* [RECORDS TO USE]

◆ ◆ ◆ ◆ ◆

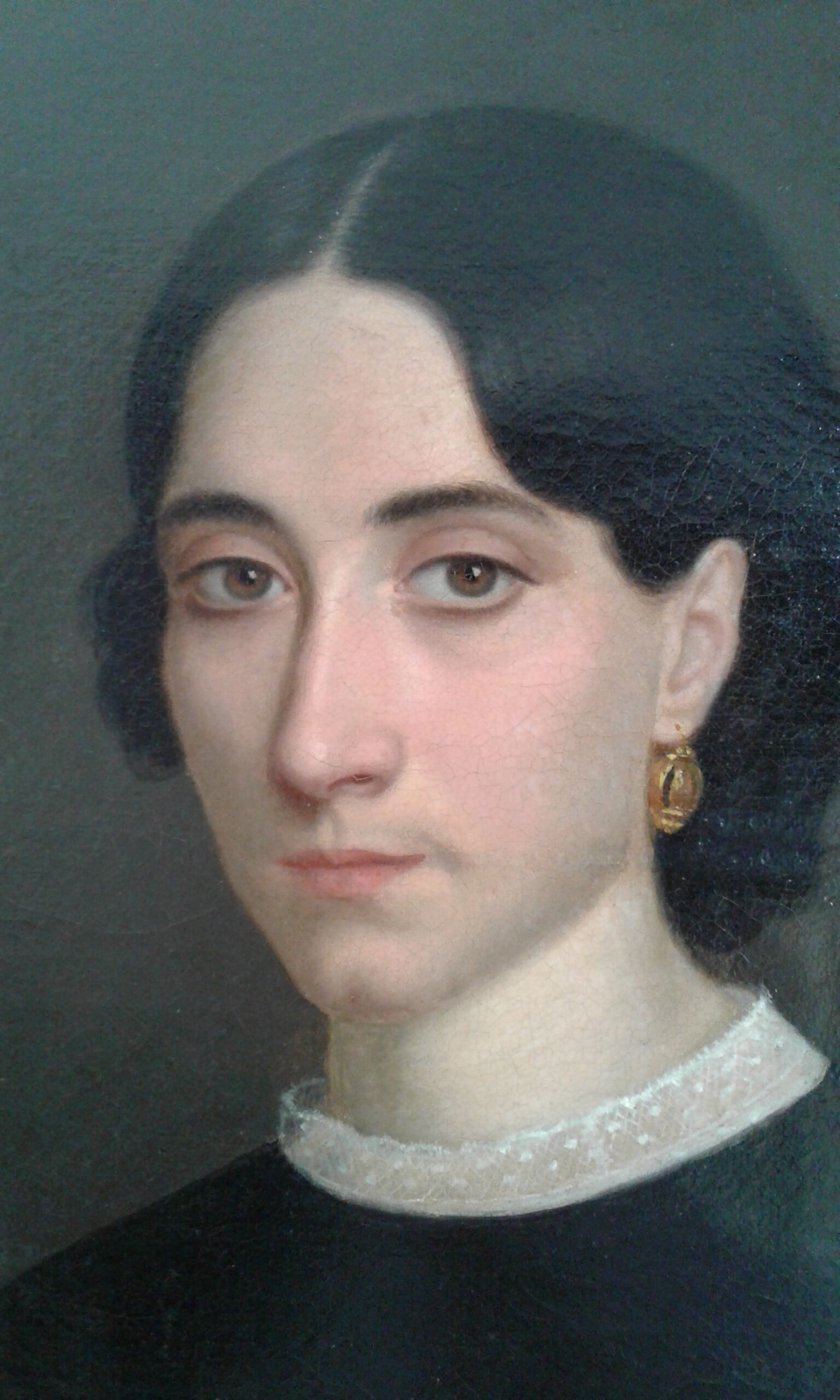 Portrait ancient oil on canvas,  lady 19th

◆ ◆ ◆ ◆ ◆

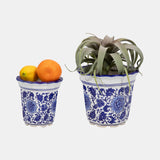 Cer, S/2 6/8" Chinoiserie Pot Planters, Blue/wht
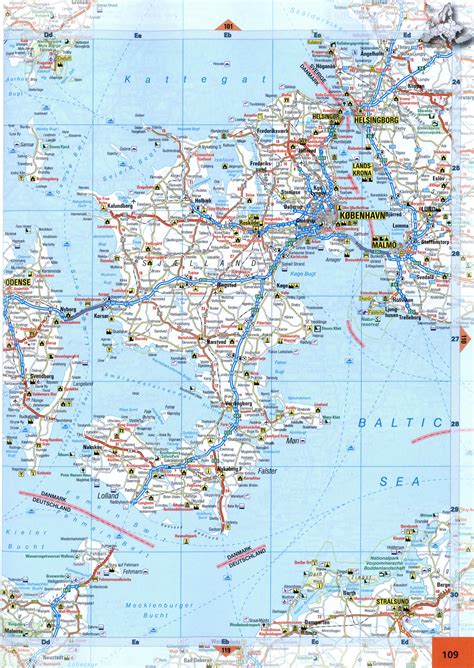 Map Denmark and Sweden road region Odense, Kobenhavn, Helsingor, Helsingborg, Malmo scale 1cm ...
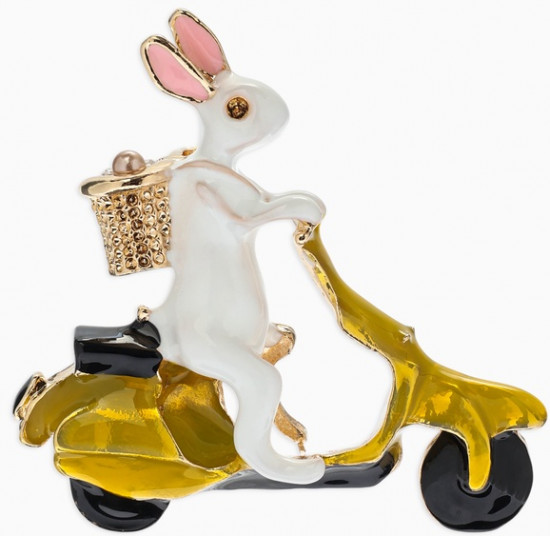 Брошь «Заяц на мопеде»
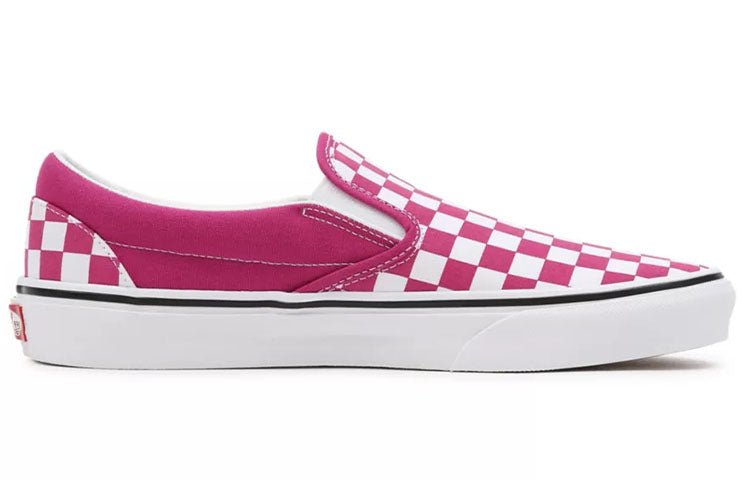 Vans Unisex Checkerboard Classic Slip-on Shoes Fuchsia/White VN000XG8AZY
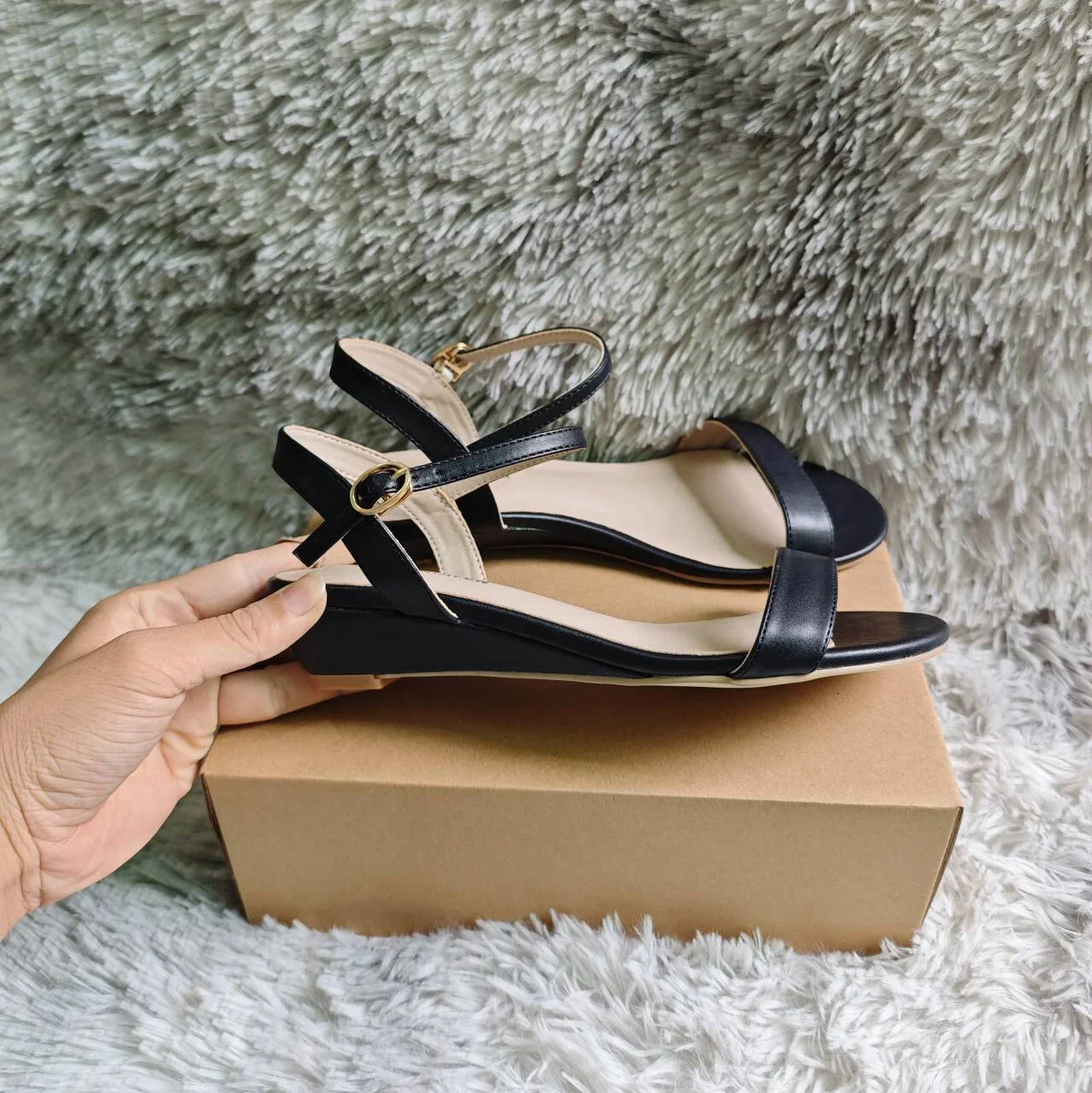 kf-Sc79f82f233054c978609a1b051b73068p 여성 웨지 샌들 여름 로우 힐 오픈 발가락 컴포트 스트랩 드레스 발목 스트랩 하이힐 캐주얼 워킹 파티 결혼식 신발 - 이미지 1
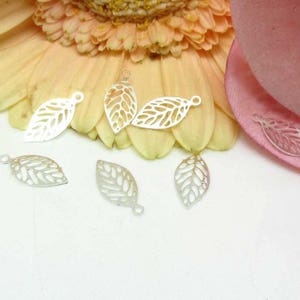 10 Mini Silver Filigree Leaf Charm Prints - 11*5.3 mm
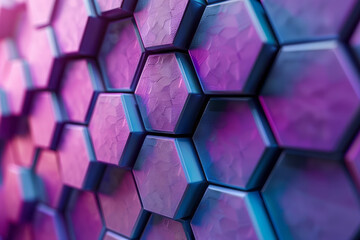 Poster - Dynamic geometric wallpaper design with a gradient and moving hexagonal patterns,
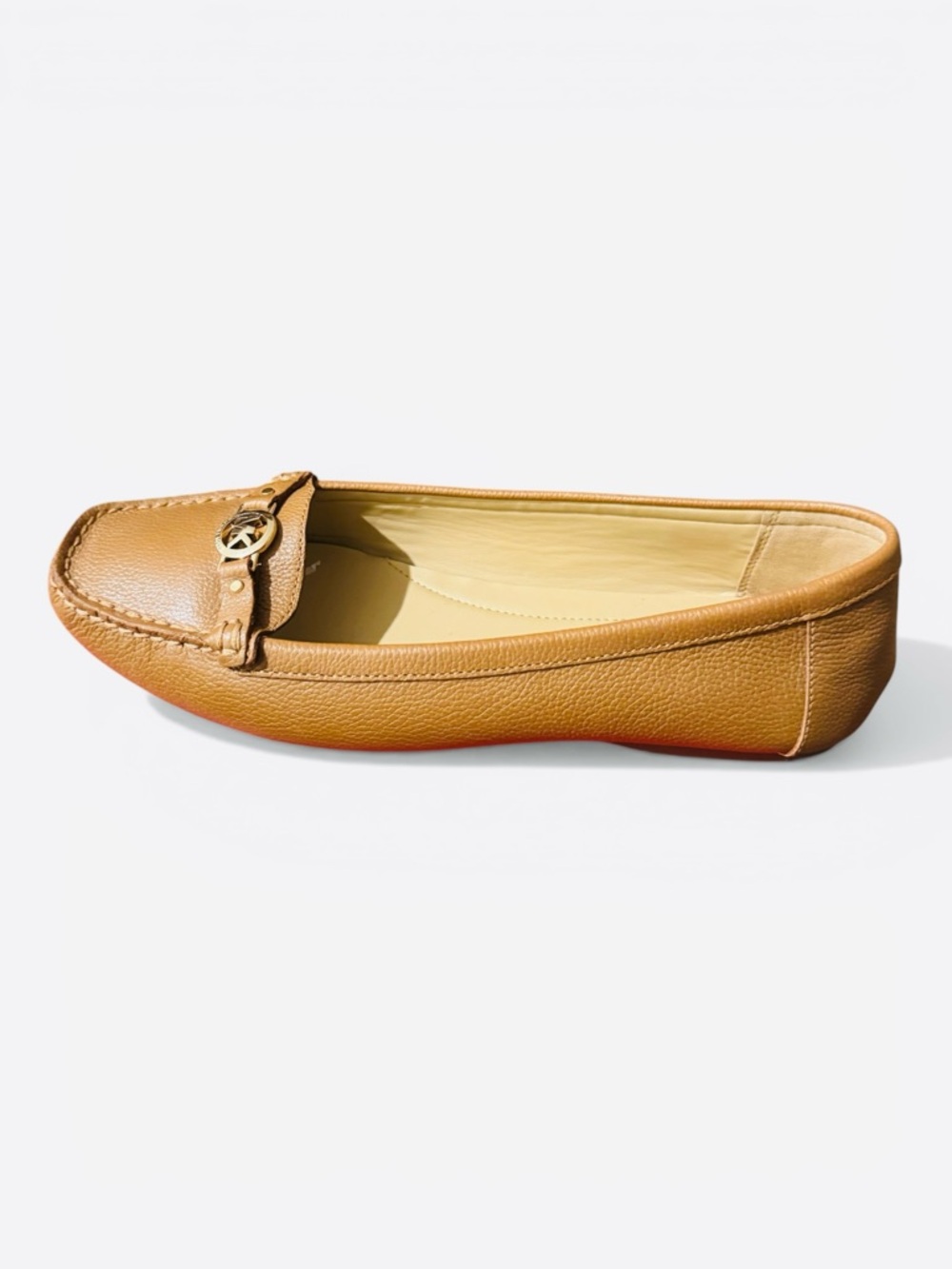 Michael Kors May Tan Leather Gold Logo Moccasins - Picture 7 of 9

◆ ◆ ◆ ◆ ◆

Both the line above containing "10 Mini Silver" and the line containing "Michael Kors May" belong in the copy, along with every line between them; print these exactly and omit the pictures.

 10 Mini Silver Filigree Leaf Charm Prints - 11*5.3 mm
 Poster - Dynamic geometric wallpaper design with a gradient and moving hexagonal patterns,
 Michael Kors May Tan Leather Gold Logo Moccasins - Picture 7 of 9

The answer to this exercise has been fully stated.